The federal Bureau of Ocean Energy Management will reconsider its construction and operations plan for Equinor’s planned Empire Wind 2 project off New York, government lawyers told a federal court that’s hearing a legal challenge from project opponents.

The Trump administration already issued a stop-work order in mid-April against Equinor’s 816-MW Empire Wind 1 project, then allowed construction to resume a month later. A lawsuit was brought in July by a coalition of project opponents including beachfront residents and commercial fishermen, and the government’s new Oct. 1 filing could intervene in the case.

“This is a major admission by the federal government that its prior approval of Empire Wind 2 cannot stand as is,” said Bob Stern, president of the activist group Save Long Beach Island, plaintiffs in the civil suit along with Protect Our Coast LINY. “It strengthens the argument for a pause to the Empire Wind 1 project. The process and methods for presenting impacts were the same for both projects. If Project 2 has legal and scientific flaws, so has Project 1.”

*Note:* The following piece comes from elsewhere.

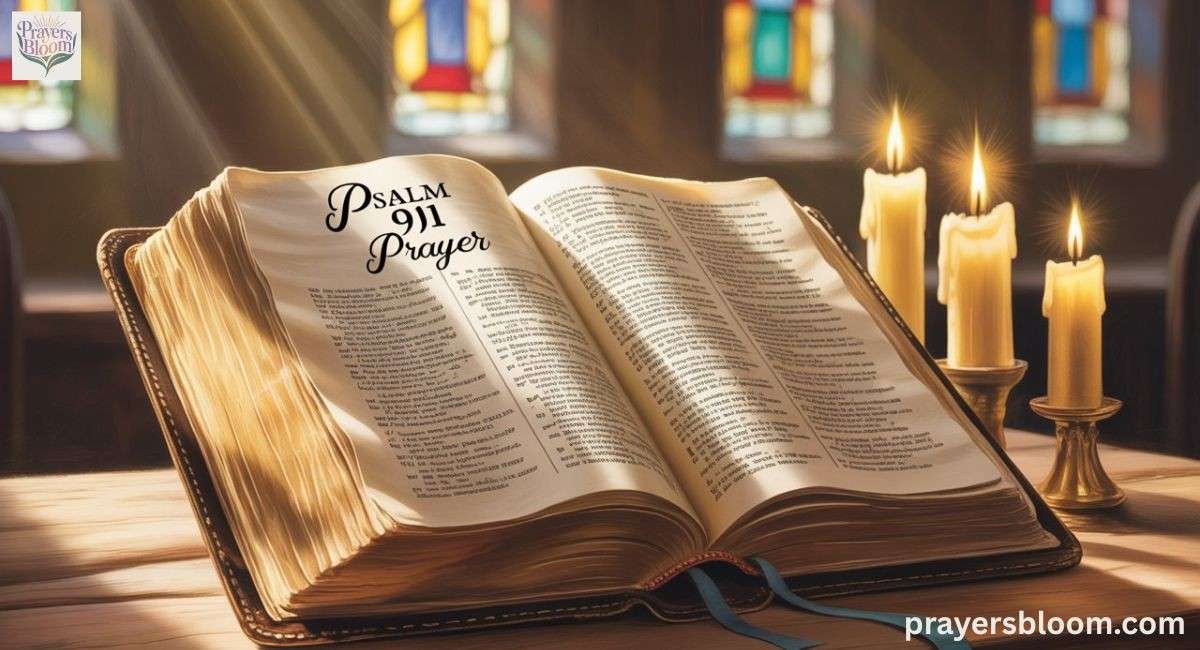 psalm 91 prayer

The second phase planned as Empire Wind 2 would construct up to 90 turbines with a nameplate power rating of 1,260 megawatts, under the construction and operations planned approved by BOEM during the Biden administration.

The court filing is the Trump administration’s latest legal sortie against wind power ventures. Mixed results include the administration’s blockade of new permits – and reversals, as when a court grant a preliminary injunction allowing Ørsted’s Revolution Wind project to resume construction.

Equinor has said it is unlikely to pursue Empire 2, considering the industry’s financial challenges and hostile political and legal situation in U.S. waters.

The administration’s new filing is consistent with its drive to short-circuit Biden-era permits wherever possible. In mid-September the Interior Department asked a federal court in Maryland to cancel federal permits for the US Wind project off Ocean City, Md., asserting the Biden administration overstepped legal authority in 2024 with allowing the developers’ plan to move forward.